/---
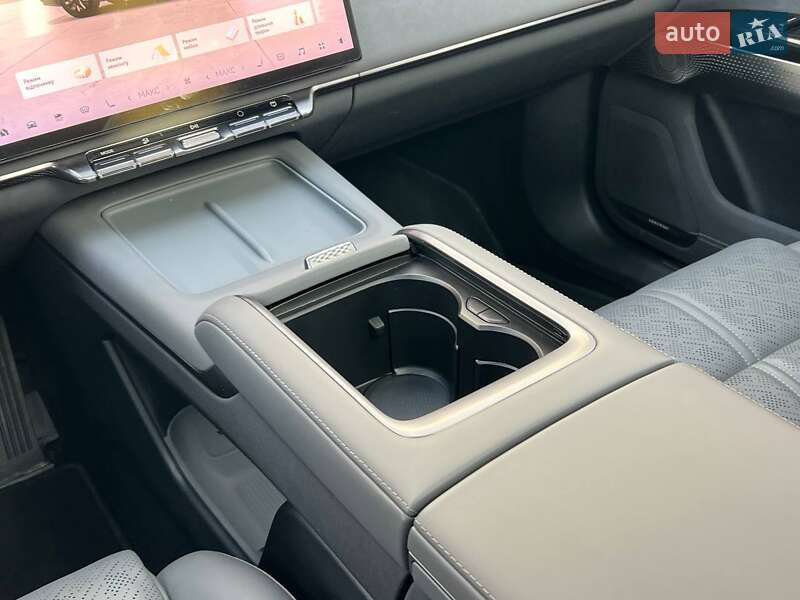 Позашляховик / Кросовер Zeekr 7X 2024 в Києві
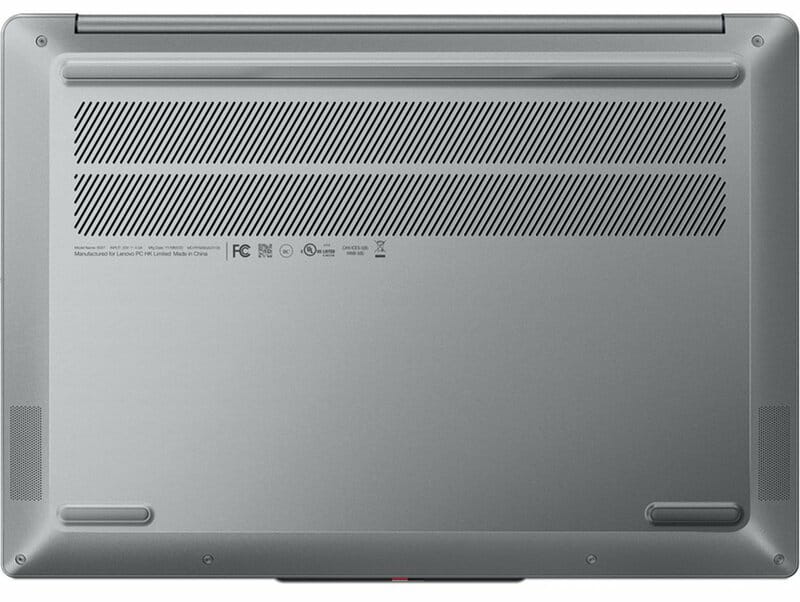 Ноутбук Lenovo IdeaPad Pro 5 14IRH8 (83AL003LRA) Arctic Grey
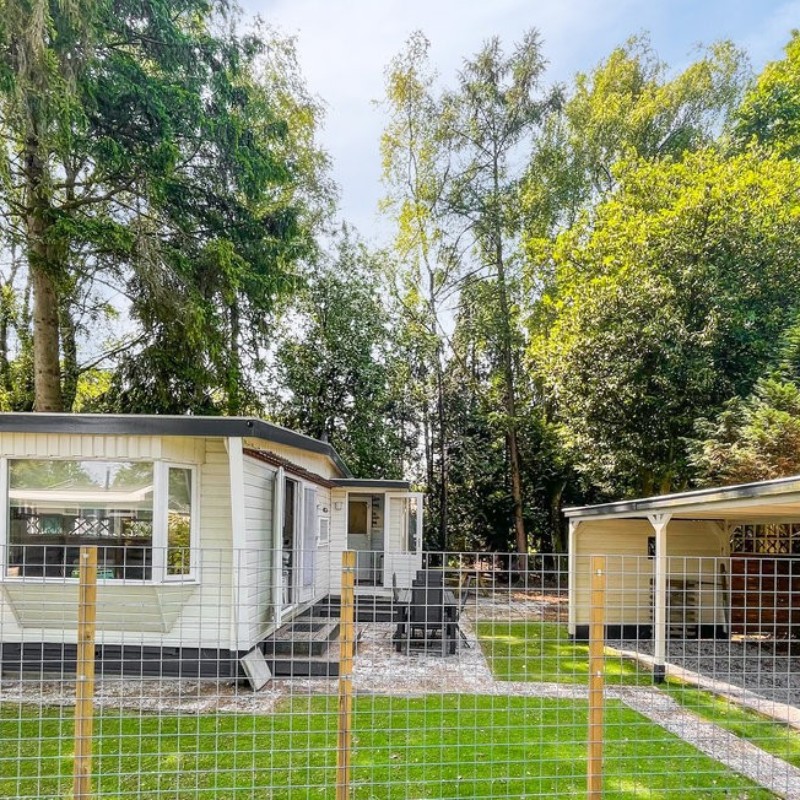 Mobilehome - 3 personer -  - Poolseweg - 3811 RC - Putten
\---
/---
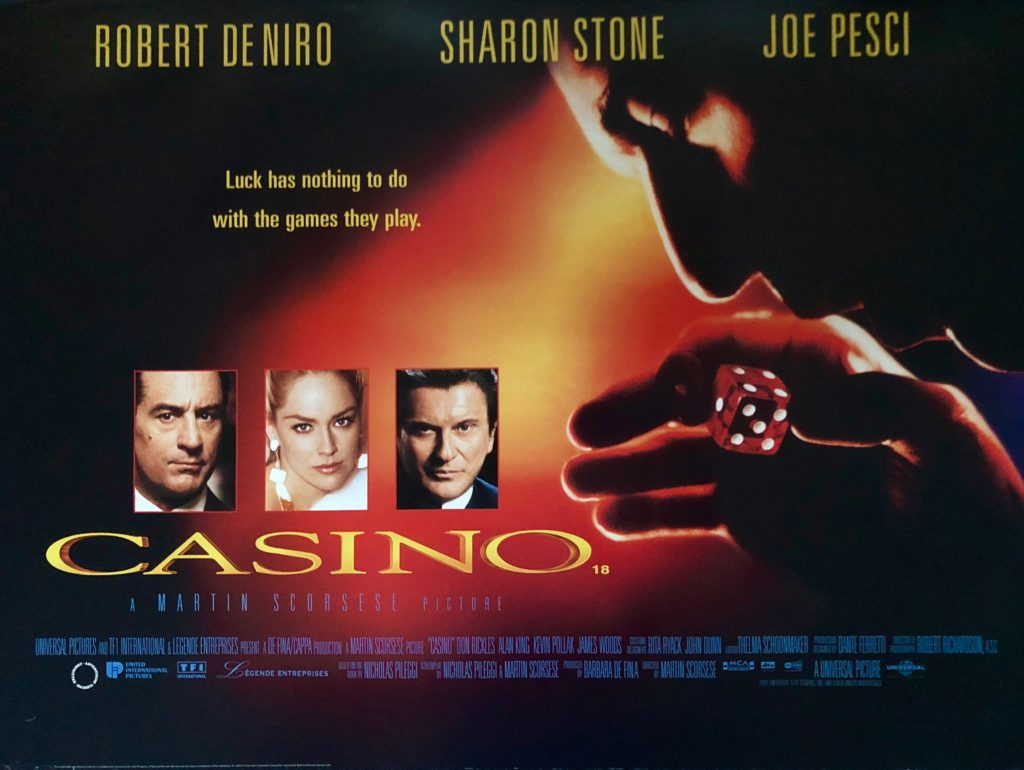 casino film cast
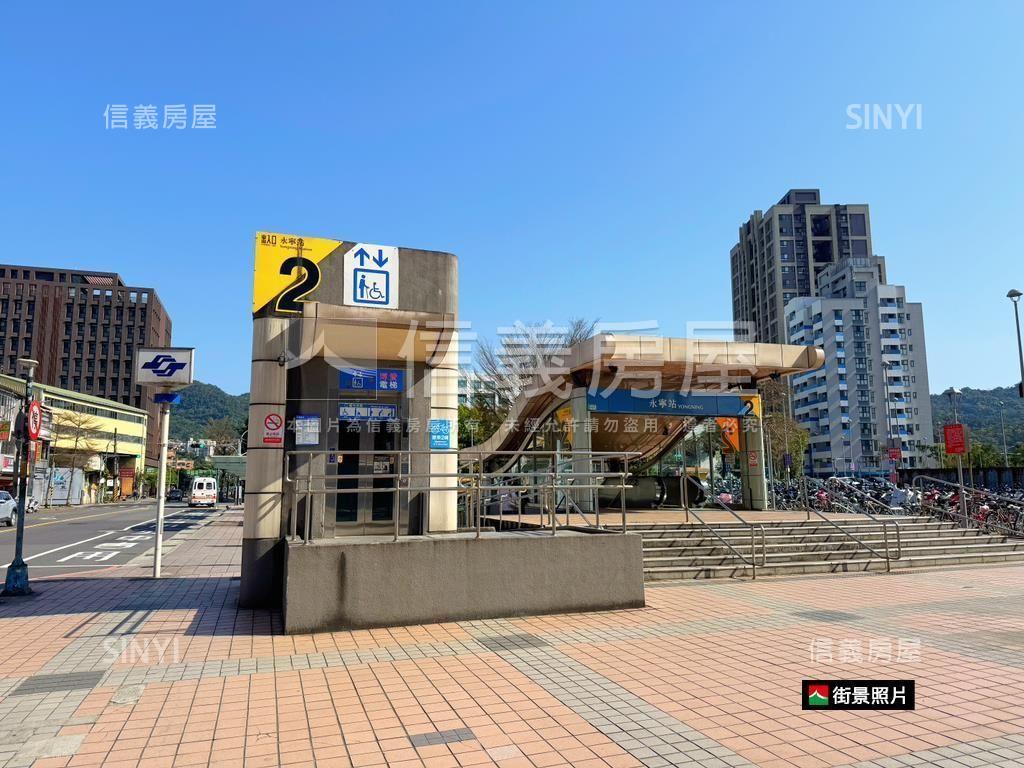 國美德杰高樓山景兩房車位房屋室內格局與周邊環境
\---
/---
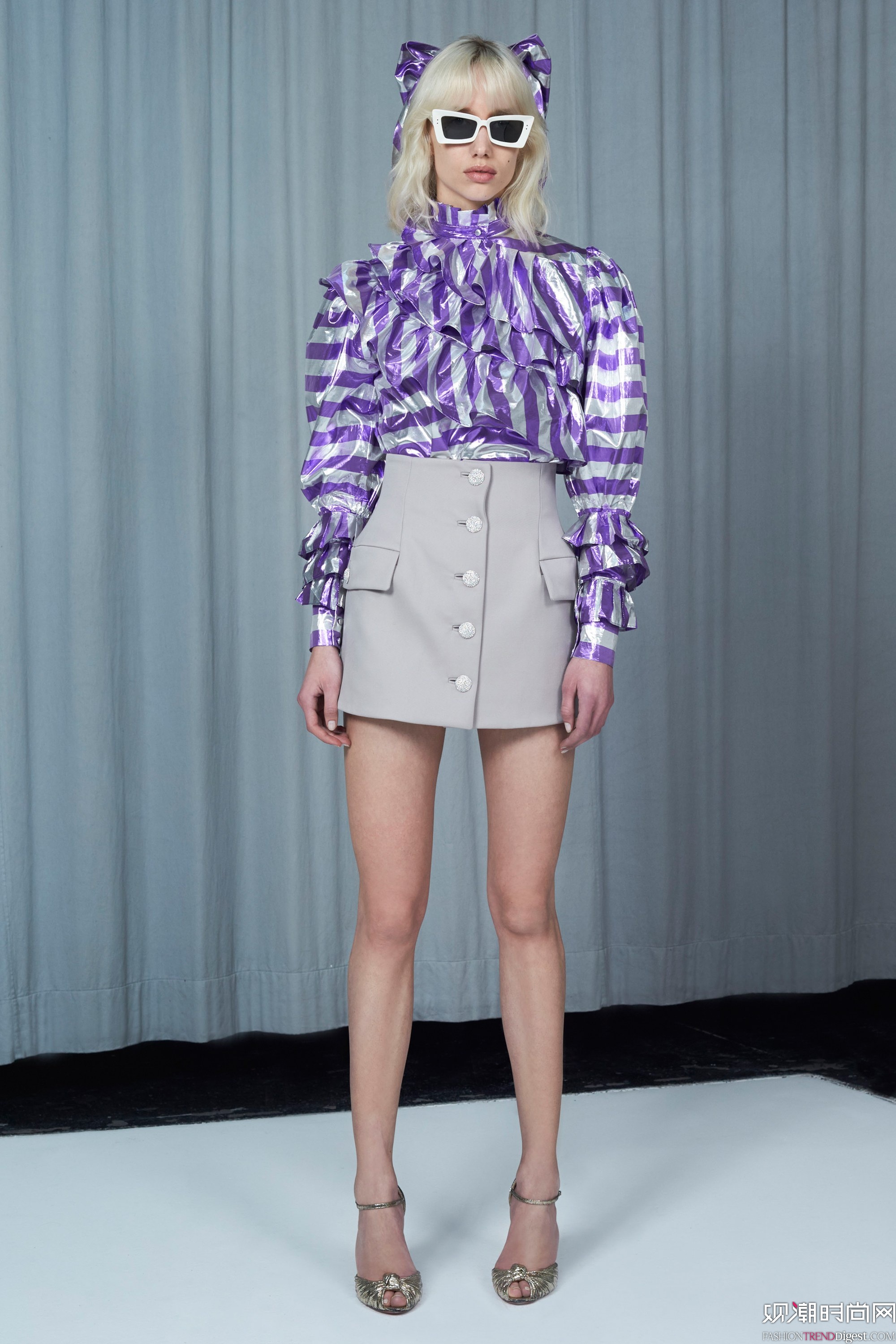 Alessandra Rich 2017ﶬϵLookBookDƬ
\---
WHAT YOU SHOULD DO: The stretch above running from the line with "Позашляховик / Кросовер" through the line with "Mobilehome - 3" is all you should copy, exactly, leaving out the pictures.

ANSWER AREA:
 Позашляховик / Кросовер Zeekr 7X 2024 в Києві
 Ноутбук Lenovo IdeaPad Pro 5 14IRH8 (83AL003LRA) Arctic Grey
 Mobilehome - 3 personer -  - Poolseweg - 3811 RC - Putten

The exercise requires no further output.